Bezduszność władz Lechii jest przerażająca. Podobnie jak późniejsze tłumaczenia. Podczas rozmowy matki zawodnika z koordynatorem ds. młodzieży Tomaszem Bocheńskim z ust tego drugiego padło zdanie, że Oktawian jest mocny psychicznie i na pewno sobie poradzi. Bezsens. – Żona zdenerwowana zapytała czy wie, co plecie za głupoty, na co on odpowiedział: "a co mają powiedzieć na takie sytuacje seniorzy". Skandaliczne argumenty. Czy to jest człowiek na odpowiednim stanowisku, jeśli potrafi coś takiego powiedzieć? To dyskwalifikujące. Tego człowieka powinno odsunąć się od pracy z młodzieżą na kilometr – dodaje Zbigniew Skrzecz.

Uciekaj stąd!

Ojciec Oktawiana chciałby, żeby rodzice młodych piłkarzy zobaczyli i zastanowili się komu dają swoje pociechy pod opiekę. W końcu to jedna z niewielu instytucji, która ma tak duży wpływ na ich wychowanie.
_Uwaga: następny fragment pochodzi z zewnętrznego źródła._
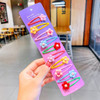 1Set Girls Cute Cartoon Animal Fruit Colorfur Hairpins Children Sweet Hair Clip Barrettes Headband Kids Fashion Hair Accessories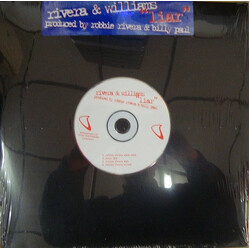 Robbie Rivera / Billy Paul Williams Liar USED VINYL 12INCH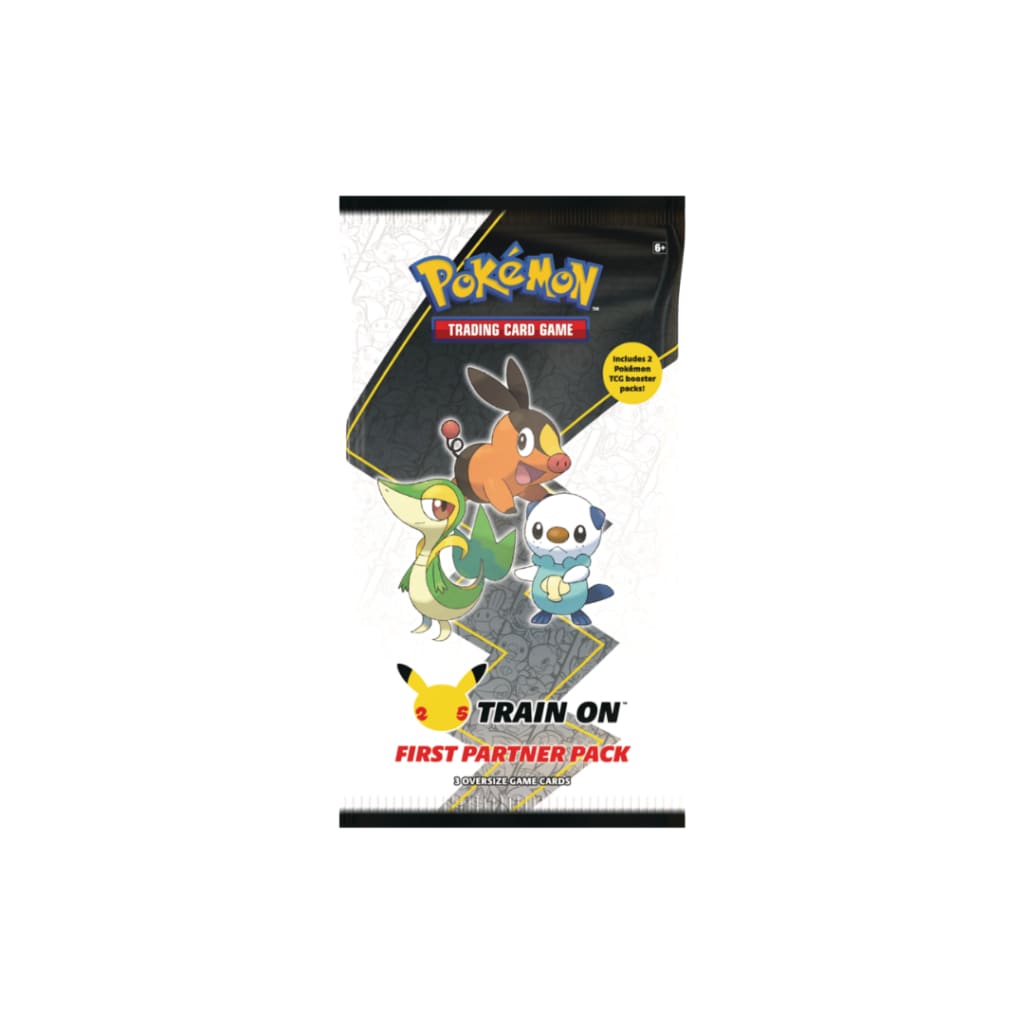 Pokemon First Partner Pack Unova - Booster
– Rodzic na nic nie ma wpływu, o niczym nie może decydować, mimo że oczywiście wszystko to finansuje – przyznaje Skrzecz senior. – To przypomina mi jakieś struktury z poprzedniego systemu. Generalnie sami nic nie dają. Jakie proponują warunki do trenowania, to każdy widzi. Żenada. Nie ma planu szkolenia. Żadnego. Słychać coś, że ma powstać, ale co będzie za sześć czy osiem lat to mnie nie interesuje, bo moich chłopaków nie będzie już to dotyczyć. Niestety, ale biorą się za to przypadkowi ludzie. Ostatnie obozy szkoleniowe – warunki do treningów średnie, a do regeneracji żadne. Dieta? Jakieś bezwartościowe makarony z marketu, najtańsze parówki. I to powie każdy. Za komuny, za czasów kryzysu było lepiej. Wielu ludzi o tym mówi, ale jak przyjdzie do konfrontacji to każdy chowa głowę. A to przecież jeden z elementów, który powoduje, że nie ma u nas piłki. Potem mamy fatalne kluby i reprezentacje. Powstają jakieś specjalne komórki, żeby ściągać graczy z zagranicy, każdego, byle nie stąd. Ostatnio oglądałem program "Mam Talent" i zapamiętałem przypadek dziewczynki o pięknym głosie. Po tym jak zaśpiewała, Kuba Wojewódzki, który zasiada w jury powiedział tylko jedno zdanie: "dziewczyno, uciekaj stąd!". Uciekaj, bo te wszystkie nasze przypadłości blokują rozwój wybitnych jednostek – dodaje.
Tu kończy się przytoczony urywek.